Pickup of trees may not occur on the regular garbage day, and residents are encouraged to contact the city for more information by calling 319-248-1740.
Residents in Johnson County who do not have curbside composting can bring their trees to the Iowa City Landfill’s compost facility. The tree will be composted at no cost. The landfill, located at 3900 Hebl Ave.

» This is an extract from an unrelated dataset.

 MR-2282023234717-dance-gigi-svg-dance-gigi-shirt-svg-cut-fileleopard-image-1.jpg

SW, is open Monday to Saturday from 7 a.m. to 4:30 p.m.
Marion seeking nominations for Community Impact Award
The City of Marion and Chamber of Commerce are seeking nominations for the now-annual Morris F. Neighbor Community Impact award.
The nomination portal is currently open through Jan. 31. This is the second year for the award, which seeks an individual, couple or organization “whose volunteerism and outstanding service and dedication have made a significant impact on the Marion community.”

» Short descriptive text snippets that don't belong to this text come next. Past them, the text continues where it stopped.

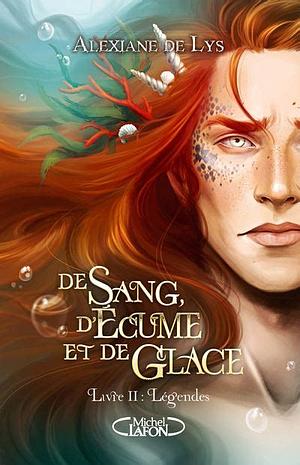 Légendes by Alexiane de Lys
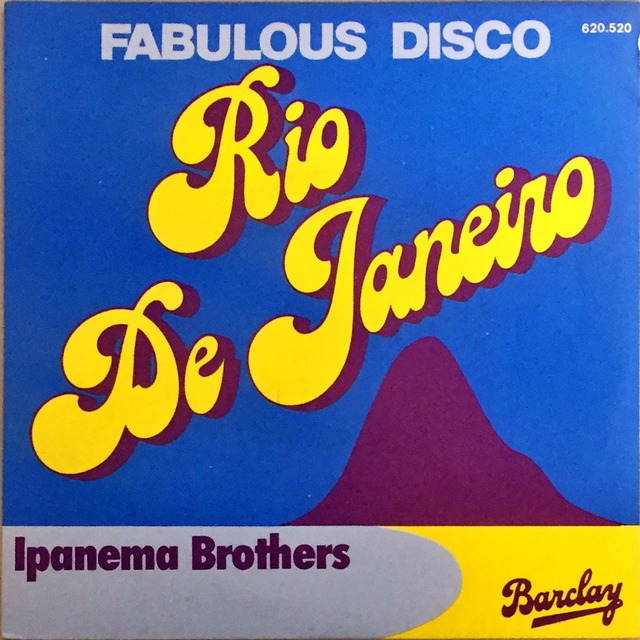 Ipanema Brothers『Rio de Janeiro -7inch-』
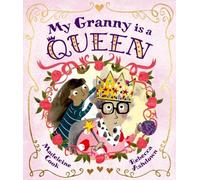My Granny is a Queen
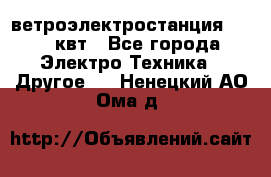 ветроэлектростанция 15-50 квт - Все города Электро-Техника » Другое   . Ненецкий АО,Ома д.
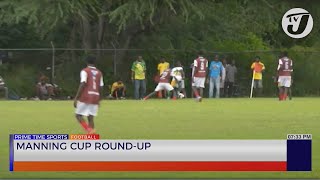 Manning Cup Roundup tvjprimetimesports [upl. by Bottali]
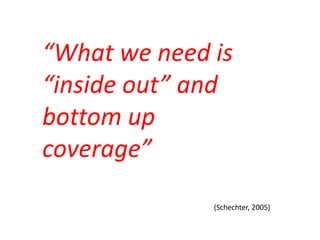 “What we need is
“inside out” and
bottom up
coverage”
              (Schechter, 2005)
 
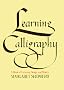 Learning Calligraphy: A Book of Lettering, Design & History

“The ideal candidate has made a positive difference in the lives of fellow residents, continually volunteers in the Marion community, demonstrates the spirit of collaboration and is enthusiastic about the community and its residents, and models honest and integrity, exemplary character and leadership either as an individual or through an organization,” the nomination description reads.
The recipient of the award will be recognized and announced during the annual Marion State of the City event in March.
The award is named in recognition of banker Morris F. Neighbor. Neighbor began his career at Farmers State Bank in 1945 as a teller and in 1968 he and his wife, Betty, purchased the bank. Through his leadership, the Neighbor family has given to multiple capital campaigns, community events and charitable nonprofit groups over the years.
Troy and Katie Benham were the first recipients of the award last year. The couple, owners of Marion Tire Co., are known for organizing cancer benefits, spearheading the Salvation Army’s “Miles for Smile” vehicle giveaway and raising money for Thanksgiving meals.
Government Notes is published Mondays and contains updates from area government bodies. Marissa Payne, Gage Miskimen, Izabela Zaluska and Grace King of The Gazette contribute.